Star Trek Discovery: The Case For Collaborative Science
Star Trek Discovery was often criticised in early episodes for the characters arguing often. However, Discovery as a show maintains a strong sense that collaboration and connection are critical for our scientific progress.
We first see this when Stamets and Straal talk and Straal keeps his process secret from his scientific collaborator. This is out of competitiveness. However, this means Straal dismisses Stamets' concerns.
We later learn that Straal's methods were not only ethically immoral (essentially torturing a sentient being) but also unsafe, leading to the death of him and the USS Glenn crew.

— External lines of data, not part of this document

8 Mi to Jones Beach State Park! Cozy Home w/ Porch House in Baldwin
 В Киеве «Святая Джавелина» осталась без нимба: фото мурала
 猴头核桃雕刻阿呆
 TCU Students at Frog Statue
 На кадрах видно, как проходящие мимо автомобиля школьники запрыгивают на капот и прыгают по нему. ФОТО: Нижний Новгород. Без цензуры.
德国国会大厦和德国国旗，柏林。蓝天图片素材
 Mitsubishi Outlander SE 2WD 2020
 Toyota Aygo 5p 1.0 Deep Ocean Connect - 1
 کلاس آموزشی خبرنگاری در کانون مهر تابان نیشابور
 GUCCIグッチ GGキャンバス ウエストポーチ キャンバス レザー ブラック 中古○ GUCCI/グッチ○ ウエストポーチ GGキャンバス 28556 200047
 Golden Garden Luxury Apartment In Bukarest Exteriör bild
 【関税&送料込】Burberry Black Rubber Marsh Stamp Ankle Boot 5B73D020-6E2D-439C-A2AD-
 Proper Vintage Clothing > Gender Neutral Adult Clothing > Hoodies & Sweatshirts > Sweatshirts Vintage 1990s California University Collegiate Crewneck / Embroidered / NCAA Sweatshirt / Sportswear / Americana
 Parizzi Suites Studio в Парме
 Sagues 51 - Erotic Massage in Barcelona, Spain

As a counter to this, Stamets starts secretive about his research, especially towards Burnham, but we see him grow and become more open and collaborative. It is through his collaboration with Tilly and Burnham that progress and breakthroughs are made. It also gives him a support system when troubles arise with the spore drive.
We also see throughout that interdisciplinary research can lead to better outcomes. It takes a team of multiple specialities to solve every scientific problem on Discovery. Everyone contributes and builds off each other, but also learns and expands their own horizons. This is raised first in episode 1.03 where Stamets chastised Burnham for trying to categorise his work as either physics or biology when he is working in an interdisciplinary manner.
The spore drive itself is the perfect example of how collaboration benefits science. It requires the astromycology of Straal and Stamets, the engineering of Tilly and Reno, the more coding and quantum physics specialty of Adira, and the medical support of Culber in order to make it safe and effective.
Discovery is an excellent statement on how open and collaborative science is critical for a better future.